Accounting of temporal biases is an important consideration, as this work includes a broad representation of health administration and registry data spanning the prenatal, perinatal, postnatal, and pediatric periods. Given the need for large-scale datasets to train our transformer-based model, this work aggregated data from conception to up to 5 years postnatal to determine whether ASD could be accurately predicted from this accumulation of evidence. We recognize that certain factors occurring at a later stage of development may be more predictive of ASD, as illustrated among the top-ranking factors from our SHAP analysis (Fig. 5), and this may be indicative of a temporal bias where individuals diagnosed later in childhood may be more easily detected by our method than individuals who may not have equally represented health care data. Moreover, the prevalence of ASD in the population has increased over time, implying that our model may be biased to detecting individuals with more recent health care records. Finally, data quality may change over time. We report the standard deviation of our model performance across birth year strata in the supplementary materials and note that, while some variation exists in trading off performance (specifically between model sensitivity and specificity), performance is largely consistent. However, future work should investigate optimizing model training for such cross-year analyses.
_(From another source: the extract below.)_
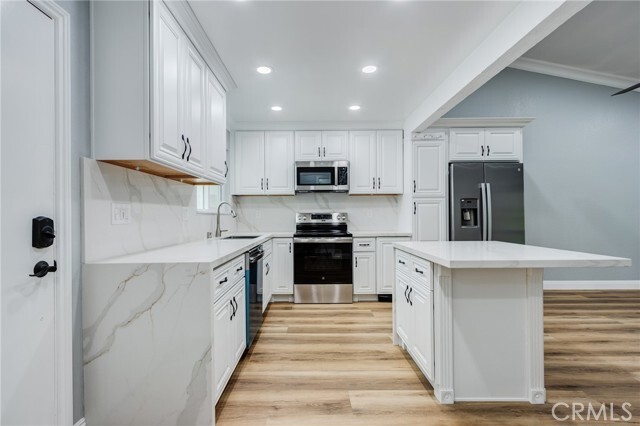 Building Photo - 23261 La Glorieta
For this study, we focused on identifying broader patterns of prediction and the overall robustness of a model developed from a large-scale representation of the population. Nonetheless, we recognize the importance of developing models that account for time-varying factors and future work will examine their impact on model performance. For example, we will discern the model impact of early/late ASD detection by widening (> 5 years) or narrowing (< 5 years) the window of time considered for maximum follow-up. To investigate model performance in accordance to the quality of data available at specific snapshots in time, future research will also consider stratification by year of birth as part of a leave-one-year-out cross-validation approach for model training.

Additional future work will seek to improve performance and identify new datasets for predicting ASD via our framework. Universal screens must limit the number of features considered by the model to those most reliable and impactful to consistently distinguishing ASD in young children. Thus, future will work will also apply an ablation-like approach to ensure that we develop and implement a model for which the data is reliably collected, and the clinical relevance of the features are well-understood. Ultimately, such an AI-based ASD screen will have the potential for deployment and use as a clinical decision support system, as depicted in Fig. 1D. Additionally, the methodology and framework developed within this study could be applied to other complex neurodevelopmental conditions, towards a multi-condition screening framework.

Conclusion

This study demonstrates the feasibility of applying ML models to population-based and routinely collected health information to systematically identify young children who are likely to develop ASD. Evaluated on a fully independent dataset representative of a general population sample, our model’s reported sensitivity of 70.9%, specificity of 56.9%, and AUROC of 69.6% suggest that our ensemble transformer model is a promising candidate for population-based ASD screening. Early identification through this method could facilitate comprehensive and timely assessment for ASD, ensuring prompt diagnosis and faster access to resources, support, or therapy.